August 24, 2007

Machiavelli is the first political thinker to effectively separate politics from religion

Greg Nyquist
The adjective Machiavellian is widely used as a synonym for amoral cunning and ruthless power hunger. Woodrow Wilson, speaking of Machiavelli’s most notorious work, The Prince, wrote: “It recognizes no morality but a sham morality meant for deceit, no honor even among thieves and of a thievish sort, no force but physical force, no intellectual power but cunning, no disgrace but failure, no crime but stupidity.” The neo-conservative intellectual Irving Kristol regarded Machiavelli as the first political thinker to effectively separate politics from religion, thus serving as an inspiration for the “godless” totalitarian despotisms of the twentieth century. George F. Will has gone so far as to accuse of Machiavelli of defining man “as a lump of matter whose most politically relevant attribute is a form of energy call ‘self-interestedness.’ ...

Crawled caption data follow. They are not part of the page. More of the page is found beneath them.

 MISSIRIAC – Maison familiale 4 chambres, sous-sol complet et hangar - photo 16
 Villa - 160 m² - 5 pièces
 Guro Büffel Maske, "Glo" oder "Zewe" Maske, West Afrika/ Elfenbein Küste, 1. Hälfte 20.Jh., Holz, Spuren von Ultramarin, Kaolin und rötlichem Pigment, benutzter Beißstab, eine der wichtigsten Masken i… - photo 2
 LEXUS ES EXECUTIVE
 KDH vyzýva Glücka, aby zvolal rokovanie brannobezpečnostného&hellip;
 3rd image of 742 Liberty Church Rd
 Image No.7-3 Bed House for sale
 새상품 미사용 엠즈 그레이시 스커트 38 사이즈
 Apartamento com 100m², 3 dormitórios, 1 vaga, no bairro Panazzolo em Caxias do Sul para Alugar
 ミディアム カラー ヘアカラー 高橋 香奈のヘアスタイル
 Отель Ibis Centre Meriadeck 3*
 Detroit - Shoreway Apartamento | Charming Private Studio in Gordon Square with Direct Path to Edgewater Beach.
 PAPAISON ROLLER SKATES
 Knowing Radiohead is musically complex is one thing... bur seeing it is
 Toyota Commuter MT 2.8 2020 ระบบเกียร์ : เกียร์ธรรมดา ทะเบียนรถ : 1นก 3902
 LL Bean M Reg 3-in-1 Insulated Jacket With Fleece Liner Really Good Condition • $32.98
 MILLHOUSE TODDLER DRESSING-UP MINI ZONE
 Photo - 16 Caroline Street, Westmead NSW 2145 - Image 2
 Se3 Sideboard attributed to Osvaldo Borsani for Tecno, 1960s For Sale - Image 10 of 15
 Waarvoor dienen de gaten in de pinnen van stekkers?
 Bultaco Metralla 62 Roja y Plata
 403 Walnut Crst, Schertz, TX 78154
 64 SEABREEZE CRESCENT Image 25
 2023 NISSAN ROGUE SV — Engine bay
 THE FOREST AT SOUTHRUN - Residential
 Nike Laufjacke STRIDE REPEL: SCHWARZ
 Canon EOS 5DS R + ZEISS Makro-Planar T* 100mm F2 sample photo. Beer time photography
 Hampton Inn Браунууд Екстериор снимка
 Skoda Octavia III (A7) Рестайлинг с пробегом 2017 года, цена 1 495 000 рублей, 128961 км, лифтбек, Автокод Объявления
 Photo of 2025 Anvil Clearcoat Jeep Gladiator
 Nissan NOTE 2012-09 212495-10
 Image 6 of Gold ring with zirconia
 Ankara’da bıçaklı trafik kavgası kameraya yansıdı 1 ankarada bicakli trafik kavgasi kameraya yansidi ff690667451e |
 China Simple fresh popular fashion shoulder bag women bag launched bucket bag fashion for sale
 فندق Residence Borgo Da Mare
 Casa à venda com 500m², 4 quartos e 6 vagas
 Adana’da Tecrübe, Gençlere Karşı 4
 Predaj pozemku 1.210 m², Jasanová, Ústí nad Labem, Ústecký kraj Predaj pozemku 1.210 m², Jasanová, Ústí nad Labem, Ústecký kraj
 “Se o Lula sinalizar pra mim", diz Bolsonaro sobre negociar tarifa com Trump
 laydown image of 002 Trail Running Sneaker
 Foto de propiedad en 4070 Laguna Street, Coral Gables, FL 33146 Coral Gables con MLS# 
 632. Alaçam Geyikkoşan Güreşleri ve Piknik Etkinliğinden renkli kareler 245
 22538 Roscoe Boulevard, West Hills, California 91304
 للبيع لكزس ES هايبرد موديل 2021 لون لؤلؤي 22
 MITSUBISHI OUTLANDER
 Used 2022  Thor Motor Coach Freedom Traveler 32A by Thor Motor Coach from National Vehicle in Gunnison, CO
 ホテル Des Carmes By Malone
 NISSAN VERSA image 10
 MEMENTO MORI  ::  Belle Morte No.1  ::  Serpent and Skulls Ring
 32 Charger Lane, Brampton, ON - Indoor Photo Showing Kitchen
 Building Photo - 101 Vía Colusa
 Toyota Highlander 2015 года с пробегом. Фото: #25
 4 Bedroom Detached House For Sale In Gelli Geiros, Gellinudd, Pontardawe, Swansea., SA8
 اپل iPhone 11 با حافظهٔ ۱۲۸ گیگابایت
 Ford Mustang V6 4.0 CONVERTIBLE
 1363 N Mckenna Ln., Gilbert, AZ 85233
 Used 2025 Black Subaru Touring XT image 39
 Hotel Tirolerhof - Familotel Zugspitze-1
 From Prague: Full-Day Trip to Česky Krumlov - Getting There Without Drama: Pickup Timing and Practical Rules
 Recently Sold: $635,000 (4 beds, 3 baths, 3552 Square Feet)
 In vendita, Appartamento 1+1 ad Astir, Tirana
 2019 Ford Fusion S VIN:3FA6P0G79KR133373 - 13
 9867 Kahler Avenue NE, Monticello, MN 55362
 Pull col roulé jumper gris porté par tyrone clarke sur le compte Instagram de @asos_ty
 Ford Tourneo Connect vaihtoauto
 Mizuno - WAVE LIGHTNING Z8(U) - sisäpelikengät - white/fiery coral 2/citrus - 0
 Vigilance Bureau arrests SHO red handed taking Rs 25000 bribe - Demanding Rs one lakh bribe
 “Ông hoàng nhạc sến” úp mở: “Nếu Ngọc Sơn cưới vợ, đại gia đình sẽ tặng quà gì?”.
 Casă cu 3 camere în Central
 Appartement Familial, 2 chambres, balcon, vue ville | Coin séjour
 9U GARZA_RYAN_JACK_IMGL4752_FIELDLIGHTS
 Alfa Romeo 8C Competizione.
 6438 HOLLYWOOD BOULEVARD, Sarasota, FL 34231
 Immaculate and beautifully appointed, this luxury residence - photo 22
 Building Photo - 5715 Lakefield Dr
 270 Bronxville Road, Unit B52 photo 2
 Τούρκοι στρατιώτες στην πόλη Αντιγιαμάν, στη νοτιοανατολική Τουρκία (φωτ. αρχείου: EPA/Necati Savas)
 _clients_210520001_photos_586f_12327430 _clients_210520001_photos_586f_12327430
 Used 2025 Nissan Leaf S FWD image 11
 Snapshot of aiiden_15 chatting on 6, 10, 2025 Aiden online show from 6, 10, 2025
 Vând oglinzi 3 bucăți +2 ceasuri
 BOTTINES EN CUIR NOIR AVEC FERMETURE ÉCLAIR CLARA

Machiavelli’s reputation as a “secular” thinker comes primarily from one characteristic of his writings: his refusal to judge political reality by the standard of theological idealizations. The political writers of the Middle Ages used an overly idealistic religious framework to interpret everything. Machiavelli who, as a congenital realist, could not help noticing how far these religious idealisms departed from the course of politics as it existed in the brutal world of fact, decided to take a different approach, seeking instead to explain political events realistically, as he found it recorded in history and revealed in the experience of practicing statesmen.
This does not mean that Machiavelli discounted religion altogether. He merely separated himself from the self-righteous hypocrisy of those who tried to explain everything in terms of God’s will, as if all the errors, crime, and disasters of men were somehow God’s fault...Machiavelli lived in an era of horrendous corruption in the Church. The papacy had fallen into the hands of common adventurers, who brought ignominy upon the Christian religion and paved the way for the Protestant Reformation. Machiavelli’s alleged “secularism” is nothing more than Italian anticlericalism: he despised the corrupt, proud, and hypocritical clergy that brought ruin upon Renaissance Italy...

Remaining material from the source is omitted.